PROBLEM DETAILS =>
Your task is to return, word for word, only the lines from the line with "CHANEL Double Flap" through the close of the data. Exclude all pictures.
- - - -
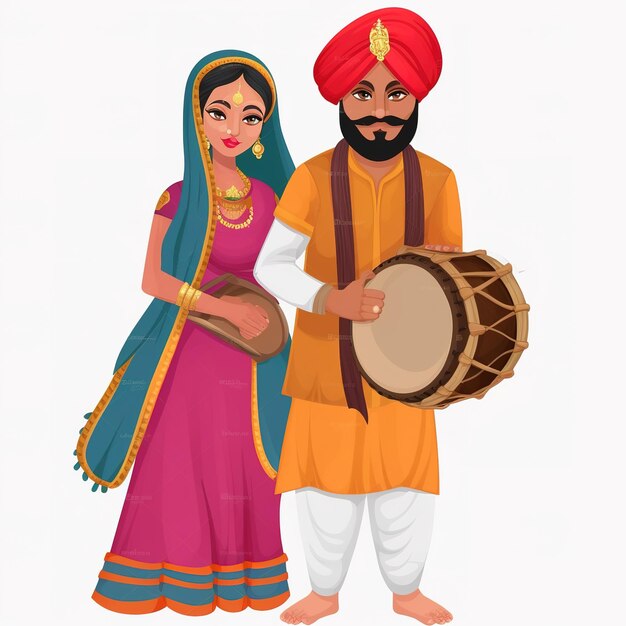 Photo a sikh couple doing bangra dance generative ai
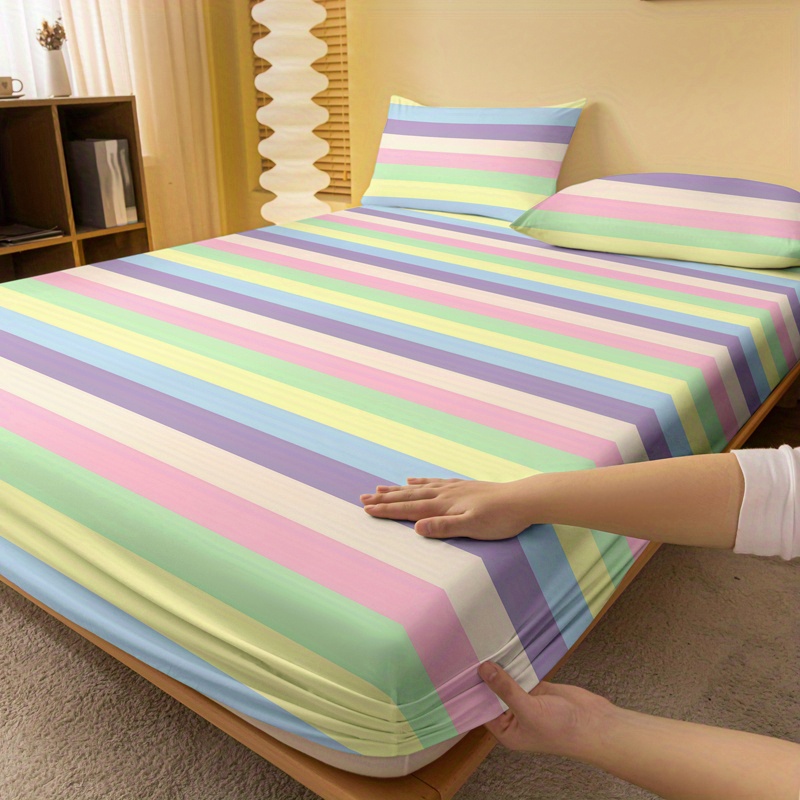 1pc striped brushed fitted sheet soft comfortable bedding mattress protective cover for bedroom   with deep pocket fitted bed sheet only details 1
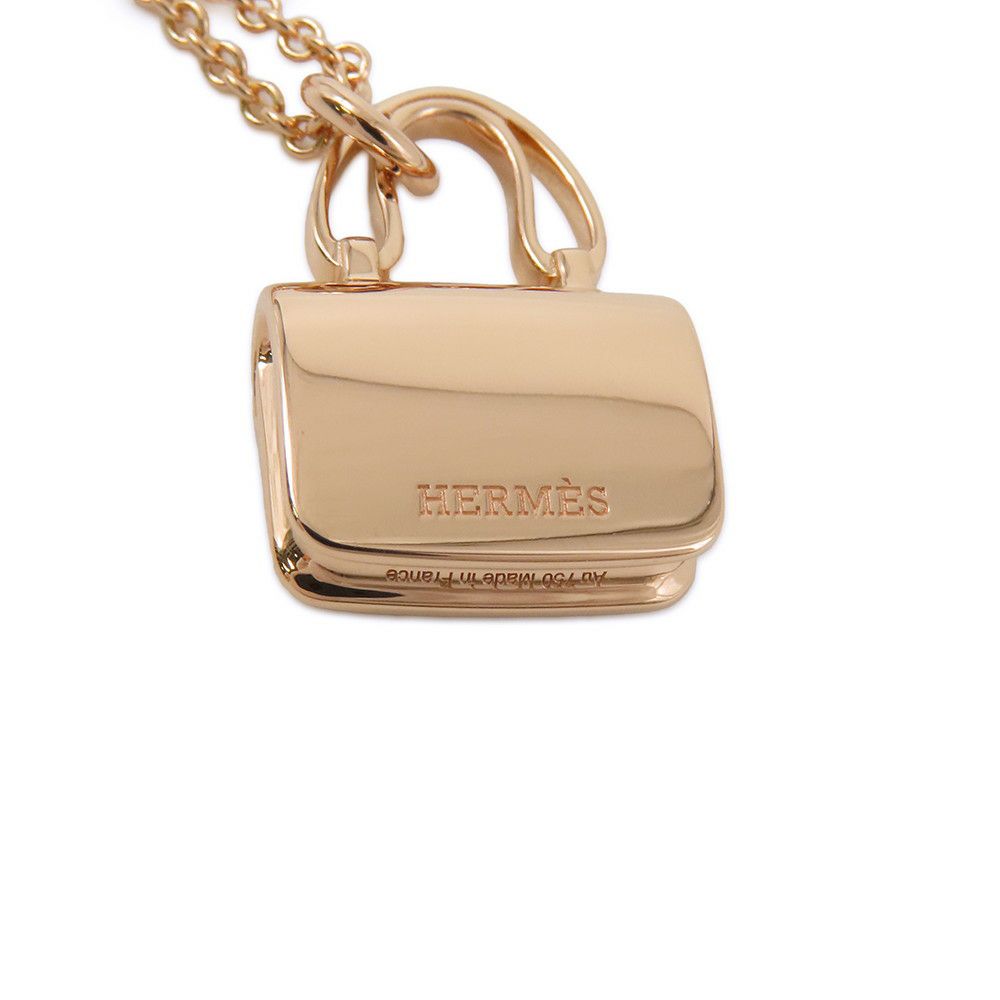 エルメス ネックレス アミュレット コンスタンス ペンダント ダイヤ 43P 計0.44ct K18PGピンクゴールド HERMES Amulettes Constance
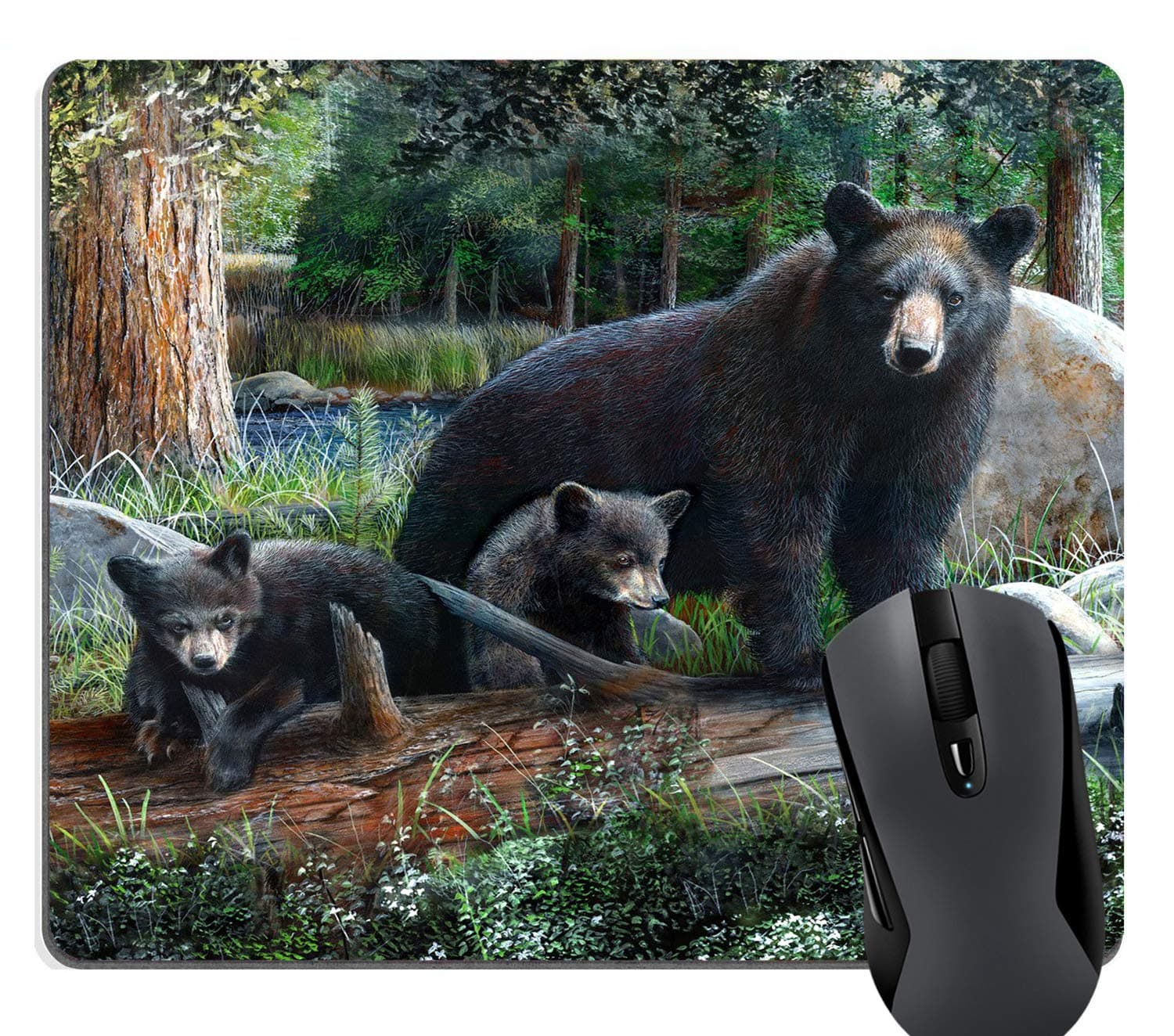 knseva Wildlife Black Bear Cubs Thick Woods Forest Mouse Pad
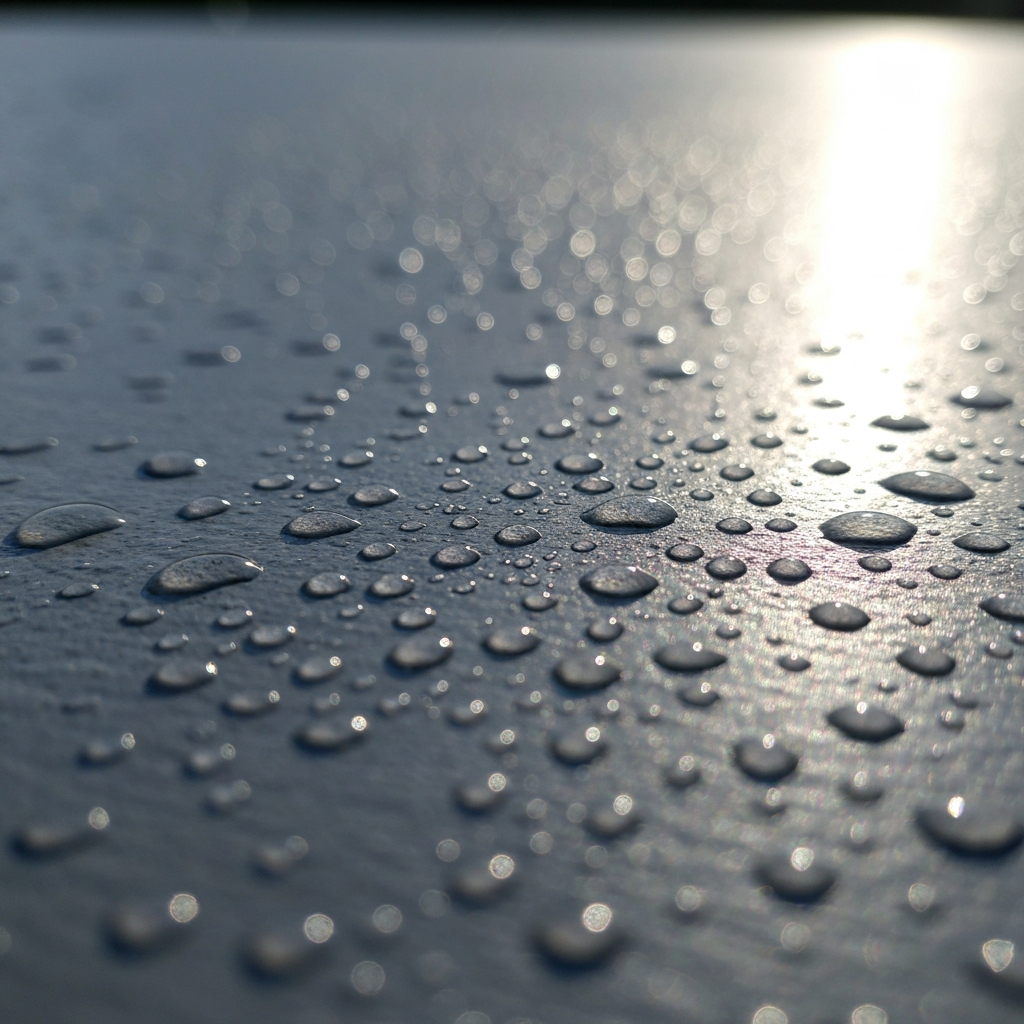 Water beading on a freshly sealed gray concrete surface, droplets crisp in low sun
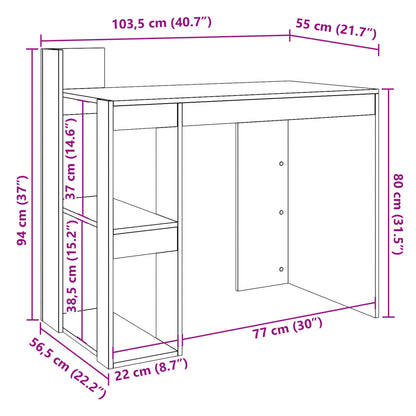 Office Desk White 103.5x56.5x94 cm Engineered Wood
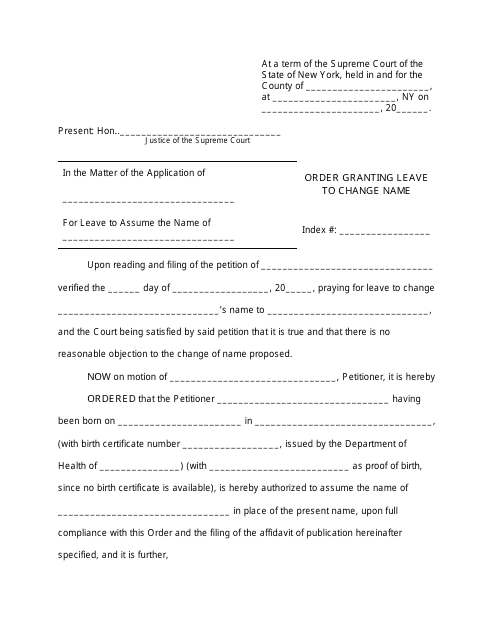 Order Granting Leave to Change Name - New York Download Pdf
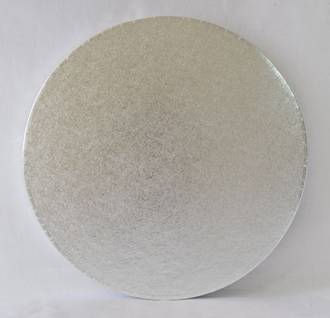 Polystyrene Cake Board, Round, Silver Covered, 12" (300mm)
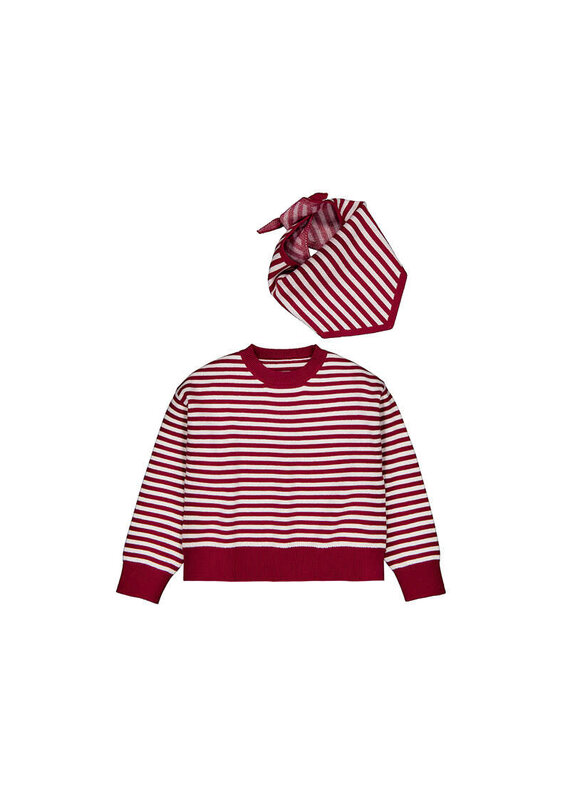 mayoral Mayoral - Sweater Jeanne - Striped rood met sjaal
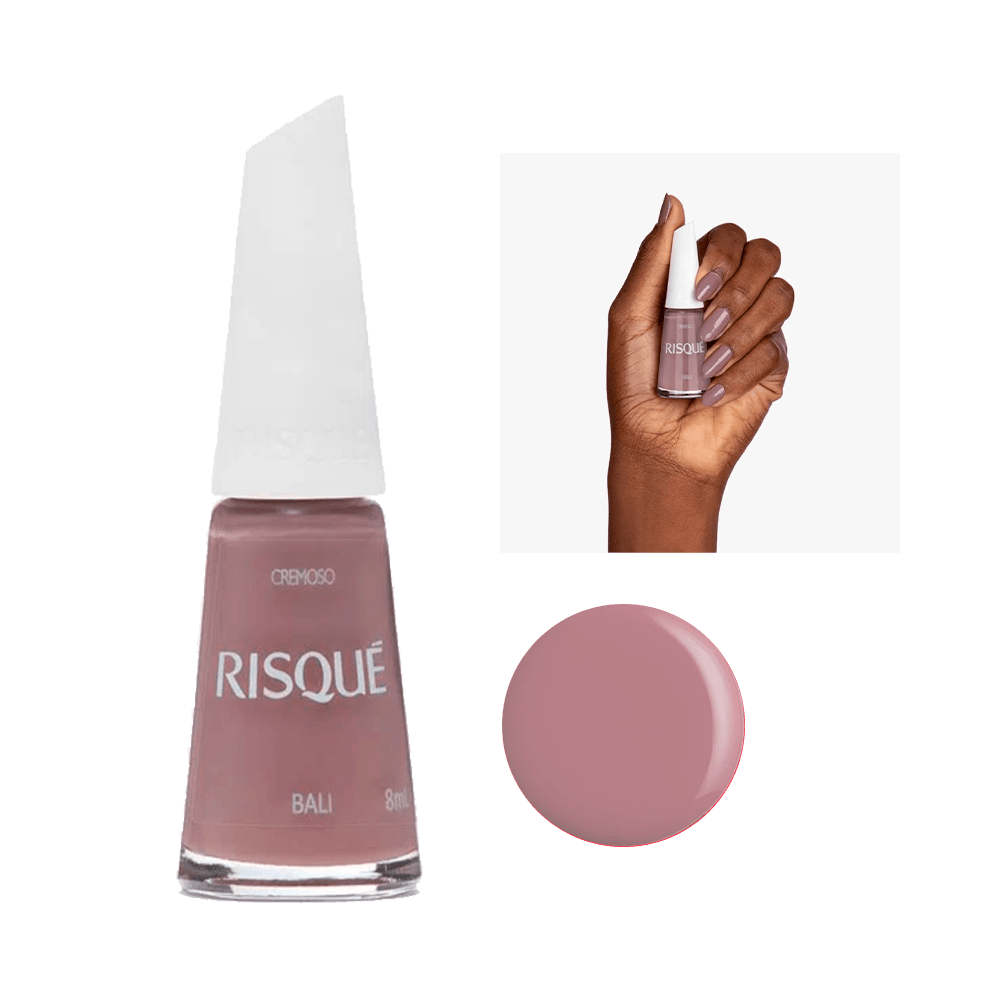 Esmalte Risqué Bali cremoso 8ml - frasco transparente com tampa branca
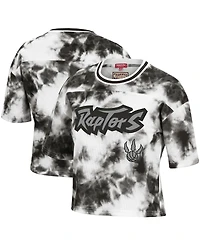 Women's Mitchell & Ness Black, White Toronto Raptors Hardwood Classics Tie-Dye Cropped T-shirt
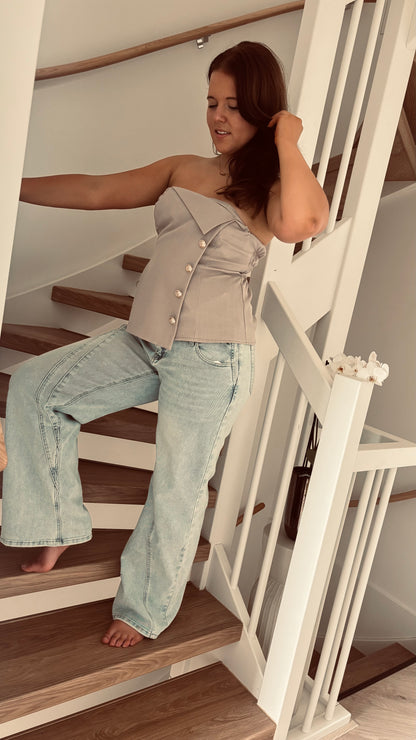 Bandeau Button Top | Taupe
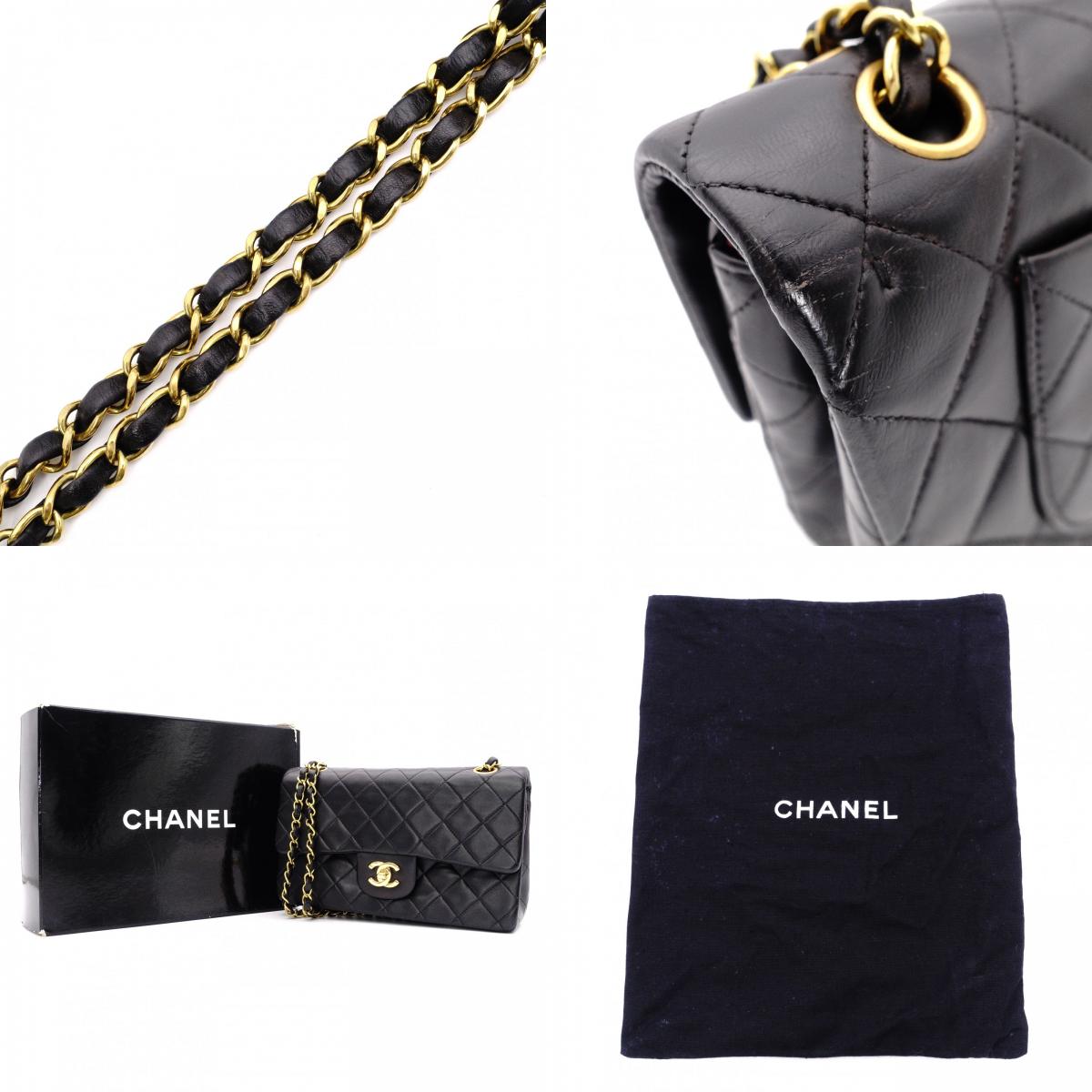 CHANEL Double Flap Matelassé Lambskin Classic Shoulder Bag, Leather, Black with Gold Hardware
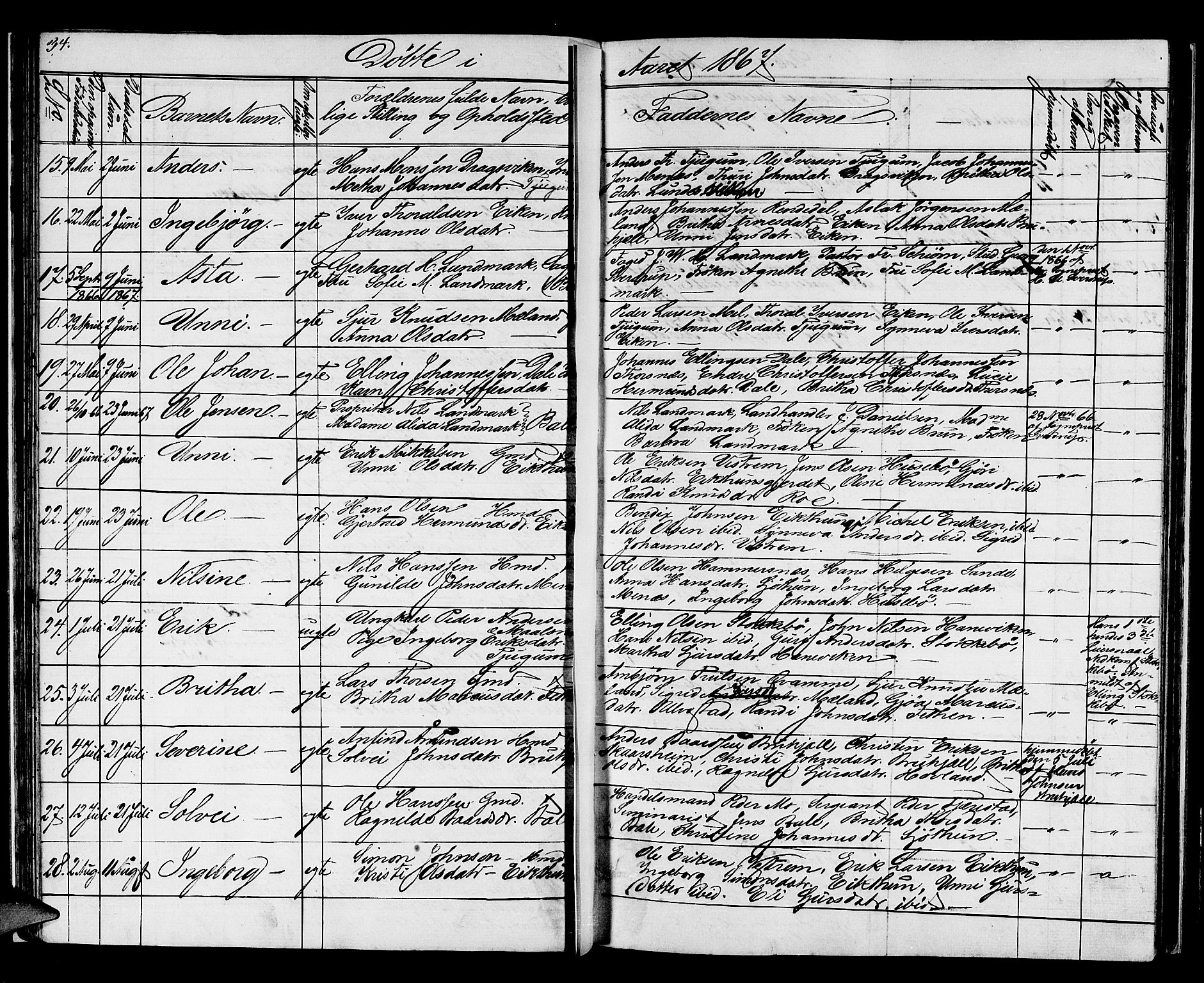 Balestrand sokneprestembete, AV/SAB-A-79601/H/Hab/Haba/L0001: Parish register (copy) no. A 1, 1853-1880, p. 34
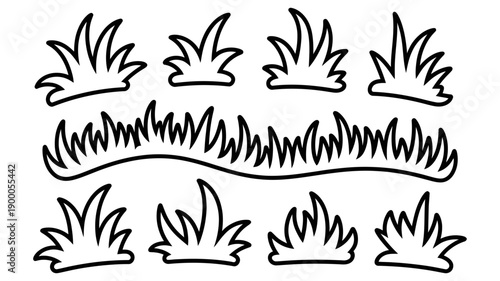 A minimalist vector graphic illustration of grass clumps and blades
- - - -
REPLY =>
 CHANEL Double Flap Matelassé Lambskin Classic Shoulder Bag, Leather, Black with Gold Hardware
 Balestrand sokneprestembete, AV/SAB-A-79601/H/Hab/Haba/L0001: Parish register (copy) no. A 1, 1853-1880, p. 34
 A minimalist vector graphic illustration of grass clumps and blades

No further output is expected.